Day10.「自分」と「好き」のゲシュタルト崩壊

あゆみ
·

 若い頃は、成功体験のほうが多かった私の人生が、だんだんうまくいかなくなってきて、とうとう決定的に転がり落ちたと思っていた頃。とある知人に質問されたことがあった。

「衣食住が保障されてて、お金にも余裕があって、愛してくれる人がいるのに、なにがそんなに辛いの?」

 けっこう辛口なご意見である。そのときの私はなんと答えたのだったか、もう忘れてしまった。でも、あのときどうしてそんなにつらかったのか、今の私が答えるとしたら。それはきっと、「自分のことが好きになれなかったから」だ。

自分の好きなところ

 今の私は、幸いなことに、自分のことがけっこう好きだ。だが、「自分のどこが好き?」ときかれると、ちょっと首をかしげてしまう。自分の好きなところって、なんだ……?

好きと得意と長所

 自分の得意分野とか、長所については、まあなんとなくうすらぼんやり理解している。

 たとえば、私はものを説明するのが得意だし、文章を書くのも得意だ。人とわりとすぐ打ち解けられるのは長所だし、外見的に言うなら、二重瞼と長いまつ毛はちょっとした自慢である。

 でも、「だからそこが好き」というふうには、少なくとも私の頭の中では繋がっていかない。それらはただの特徴であって、それ以上でも以下でもないのだ。

嫌いと苦手と短所

 逆に、自分の苦手とか短所も、思いつくものの「だからそこが嫌い」とはあまりならない気がする。それらもやはり特徴でしかなく、直せたらいいね、としか思わない。

 ……これ、明日のテーマなのにここでこんなふうにまとめて大丈夫なんだろうか。明日の私、頑張れ。

私の好きな人たち

 そんなわけで、自分の特徴へのジャッジをあまり行わない私だが、そうは言っても、自分を好きになるには、ある程度の根拠が必要だ。私の根拠は、「私の好きな人たち」である。

 家族や親戚、友人知人。たくさんの人と関わっている中で、私から「好きだな」と思う人たちがいる。そしてありがたいことに、そのうちのほとんどが、私へ「好きだよ」という態度をとってくれる。

相手の信じる私

「自分を信じられないなら、あなたが信じている私が信じているあなたを信じて」

 創作物でわりとよくあるセリフだが、私はこの理屈が大好きである。

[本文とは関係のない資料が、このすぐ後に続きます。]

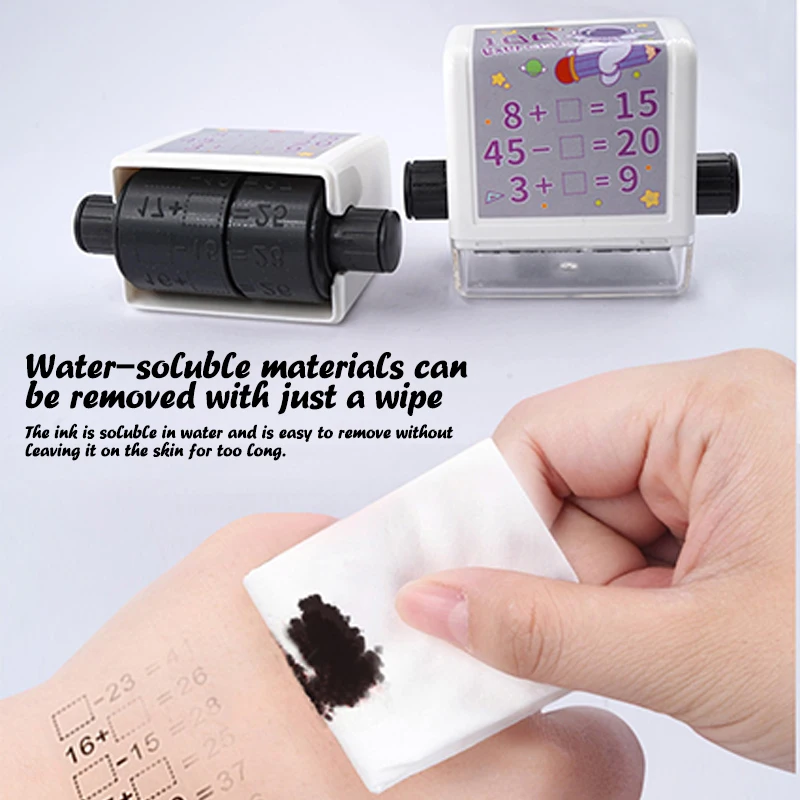 Pieczątka dydaktyczna 2 w 1 Wypełnij pustą rolkę Wielokrotnego użytku Pieczątka matematyczna Pieczęć cyfrowa w ciągu 100 Ćwiczeń matematycznych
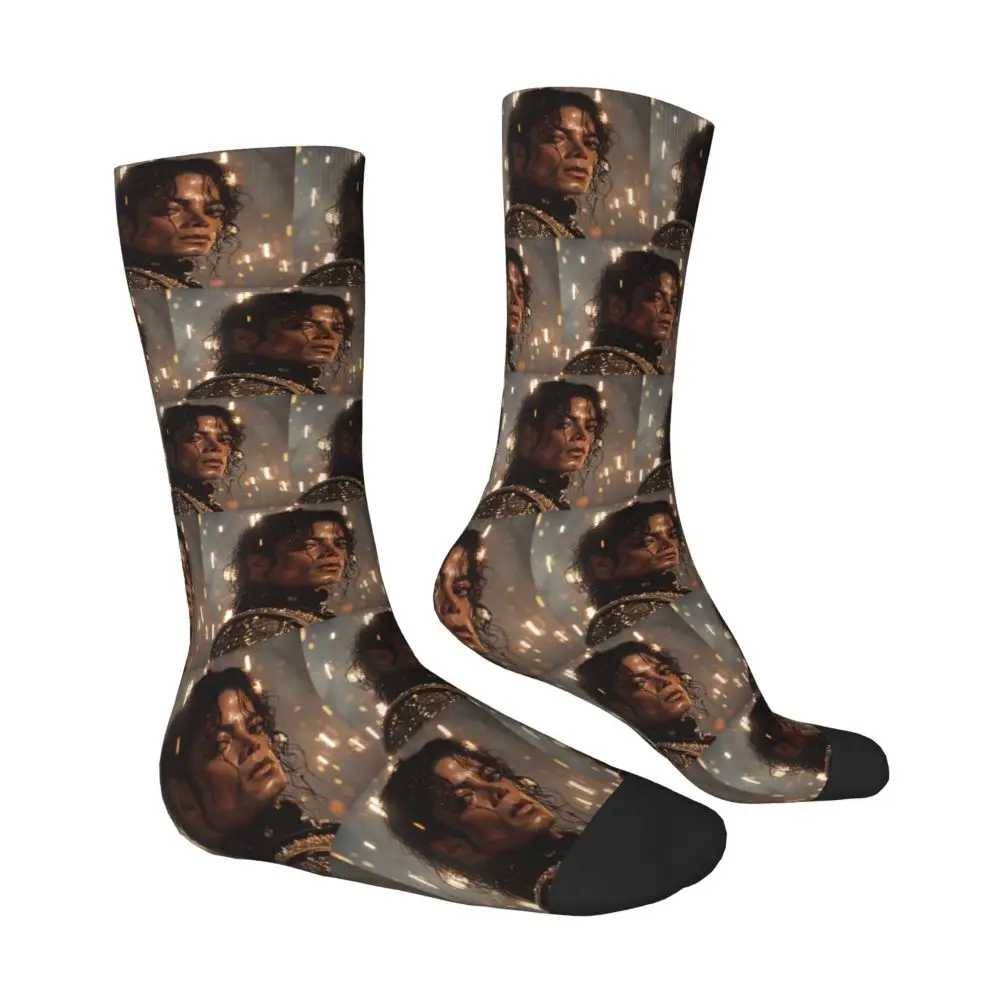 Michael Jackson Musicians Singers Dancers Socks Harajuku Stockings All Season Long Socks Accessories for Unisex Christmas Gifts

それはもう本当に大好きである。

 このセリフにのっとるなら、自分で自分を好きになれるかわからないとき、自分が好きな相手が「好き」だと思ってくれている自分のことを、「悪いやつではないんだな」と思うことができる。

 それを繰り返すうちに、私は自分のことを好きになれたのだ。特徴の内容なんて関係ない。あばたもえくぼというように、好きになってしまえば、どんな特徴だってかわいいもの。恋じゃなくて愛なのだ。

自分の好きなところ

 ありていな話になるが、強いて自分の好きなところを挙げるなら。「こんな自分のことを好きでいてくれるところ」だろうと思う。「自分」や「好き」という言葉がややこしくなってきたが、私は、自分を好きでいられる自分が、好きだ。